Stryker announced in July 2026 that they would depart from the N8FC after the 2026 season to join a new Michigan-based conference. This decision, according to the Stryker Board of Education, was made to reduce travel costs, shorten travel times, and ensure greater conference stability.

After just one season in the league, Cardinal Stritch canceled their football season due to low student participation, and lack of volunteers to support a 2026 season, effectively suspending their membership in the conference. The Cardinals have only played two seasons since 2021, with their 2022 and 2024 seasons both canceled due to low numbers, which prompted the Cardinals to join the N8FC originally. Plymouth joined the conference in August 2026 to replace Cardinal Stritch, after announcing they would become an 8-man football team for the 2026 season.

The league is actively looking for more schools to commit to a two-year membership. They have not set a definite number of schools to be members.

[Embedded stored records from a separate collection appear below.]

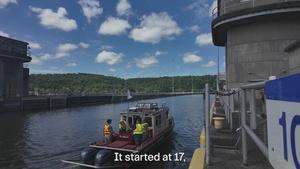 USACE honors Thomas Plumley's legacy with 'Plumley' survey vessel
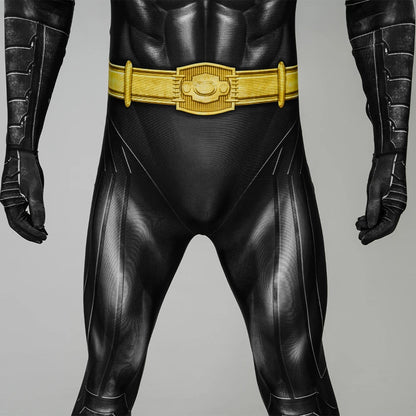 Zentai Flash & Bat Movie Cosplay Jumpsuit – 3D Printed Spandex Bruce Wayne/Bat Suit Costume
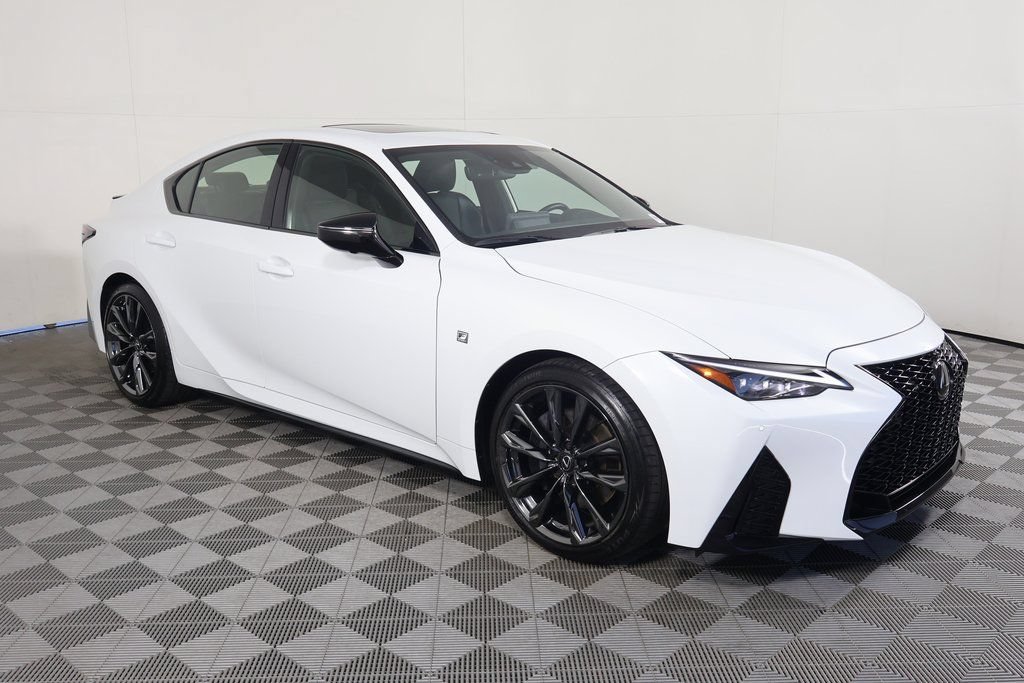 Used 2025 Lexus IS 350 F Sport w/ Navigation Package RWD image 3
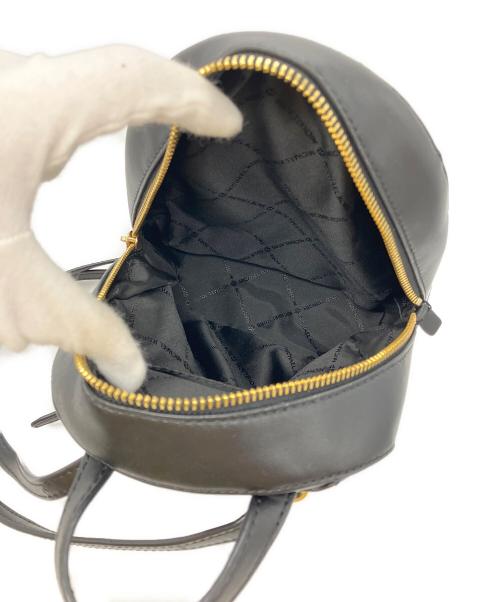 MICHAEL KORS（マイケルコース）MICHAEL KORS (マイケルコース) Extra-Small Pebbled Leather Convertible Backpack ブラックの古着・服飾アイテム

== Conference championship history ==

| Year | School | Location | Nickname | Conference Record | Overall Record |
|---|---|---|---|---|---|
| 2025 | St. Mary Central Catholic/St. Joseph Central Catholic/Chalker | Sandusky/Fremont/Southington | Panthers/Crimson Streaks/Wildcats | 6-1 | 9-1/7-3/8-1 |
| 2024 | Toledo Christian | Toledo | Eagles | 9-0 | 11-0 |
| 2023 | Toledo Christian | Toledo | Eagles | 5-0 | 8-1 |
| 2022 | Toledo Christian | Toledo | Eagles | 6-1 | 9-2 |
| 2021 | Toledo Christian | Toledo | Eagles | 4-0 | 8-1 |
| 2020 | Danbury | Lakeside | Lakers | 3-0 | 8-0 |

== 8-man state championship history ==

| Date | Winning team | Losing team | Winning team Score | Losing team Score | Location | Notes |
|---|---|---|---|---|---|---|
| November 4, 2023 | Toledo Christian Eagles | Holgate Tigers | 46 | 6 | Rex Lingruen Stadium, Liberty Center, OH | First ever Championship game. |
| November 16, 2024 | Toledo Christian Eagles | St. Mary Central Catholic Panthers | 24 | 0 | Don Paul Stadium, Fremont, OH |  |
| November 8, 2025 | St. Mary Central Catholic Panthers | Chalker Wildcats | 34 | 20 | Leetonia Bears Stadium, Leetonia, OH | First game hosted in Eastern Ohio. |
| November 7, 2026 | TBA | TBA |  |  | Wentling Field Carey, Ohio |  |

8-man championship appearances by team

| Team | Wins | Loses | Seasons |
|---|---|---|---|
| Toledo Christian Eagles | 2 | 0 | 2023, 2024 |
| St. Mary Central Catholic Panthers | 1 | 1 | 2024, 2025 |
| Chalker Wildcats | 0 | 1 | 2025 |
| Holgate Tigers | 0 | 1 | 2023 |
| Danbury Lakers | 0 | 0 |  |
| Sebring Trojans | 0 | 0 |  |
| Cardinal Stritch Cardinals | 0 | 0 |  |
| Stryker Panthers | 0 | 0 |  |
| Windham Bombers | 0 | 0 |  |
| Kennedy Catholic Eagles | 0 | 0 |  |

Bold denotes years team won championship.